Hard Times for Public Services

Whoever is in power at Westminster, public services are facing hard times over the next few years.

The public finances are shifting from chronic problems to acute crisis as income dries up and demands increase. Before the current crisis the public finances almost certainly already had a structural deficit build-in. Although this was not huge, it was leading to public net debt steadily rising. The annual and total levels were, by historic standards, still low – previous Tory governments had far larger levels of cumulative public debt. But they were increasing at a time in the economic cycle when they probably should have been going in the other direction.

However, all that has now been made largely irrelevant by the scale of the current crisis. The numbers are eye-watering (as Robert Peston would say)

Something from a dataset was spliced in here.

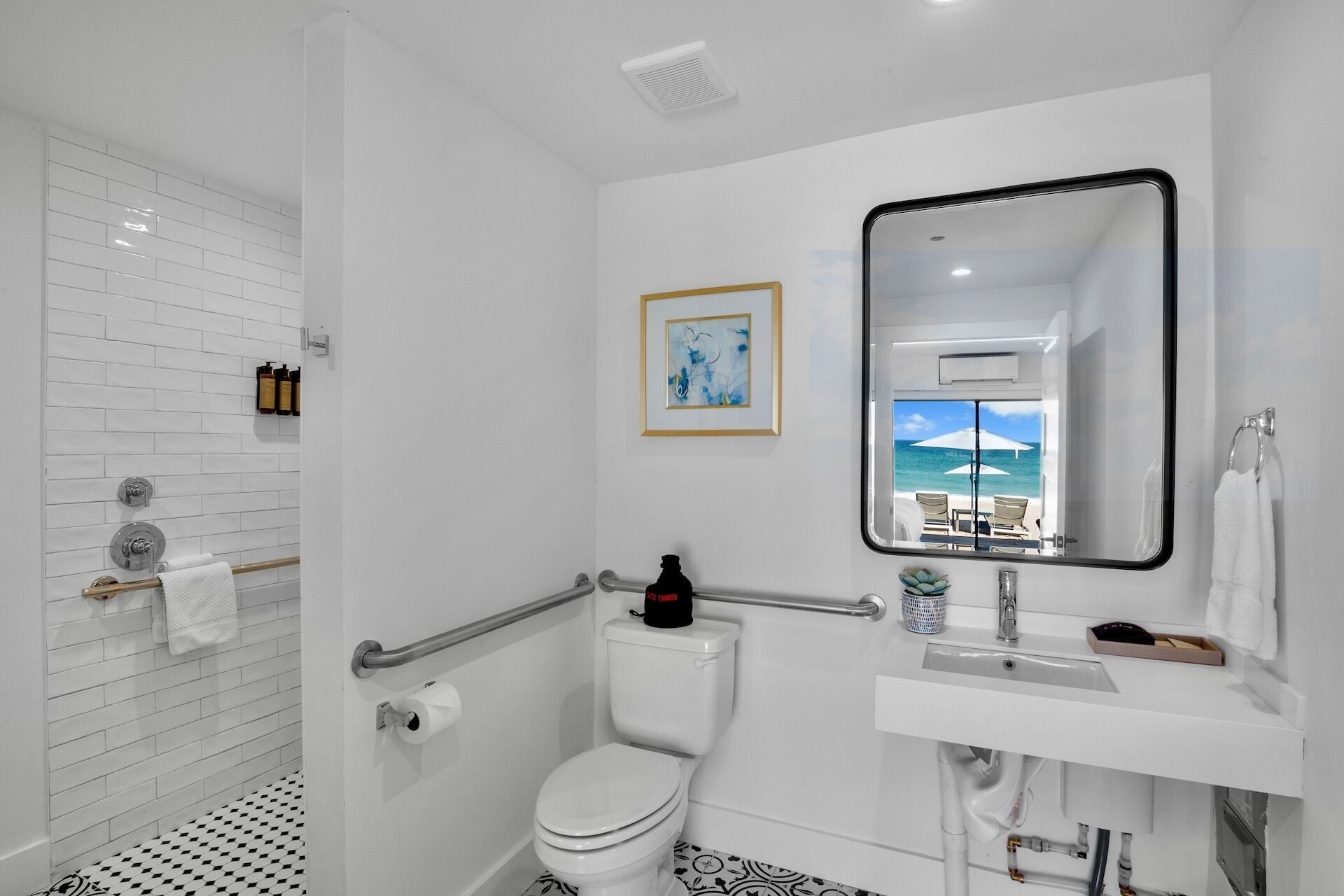 beachfront king island room | bathroom | free toiletries, hair dryer, towels, soap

Total government exposure in propping up the financial system is around £600bn – or roughly an entire year’s public spending. Most of this is relatively safe and some, such as the investments in bank shares, may even make money for the Treasury in the long run. But in the short term the risks for public finances are huge, if of low probability, and some money has been actually spent as opposed to simply being promised as guarantees.

The economic crisis triggered by the financial melt-down is also costing. Spending on unemployment – direct benefits as well as extra help to industry and individuals – will increase sharply. Anti-cyclical spending is also set to rise as capital projects are brought forward and new ones created to off-set lack of demand in the private sector. All this extra spending either has to come from existing budgets elsewhere or from borrowing.

The extent of public sector borrowing increase really is now dramatic – public sector net cumulative debt is set to rise to around a trillion pounds or, put another way, to jump from around 40% of annual GDP to nearly 60%. This is historically high in British terms but not so large compared to other large, advanced, countries. Still – it is a qualitative step change in public sector indebtedness that will have implications for years, if not decades, to come – including for public services. More of public income will have to go on debt servicing and less will be available for public services.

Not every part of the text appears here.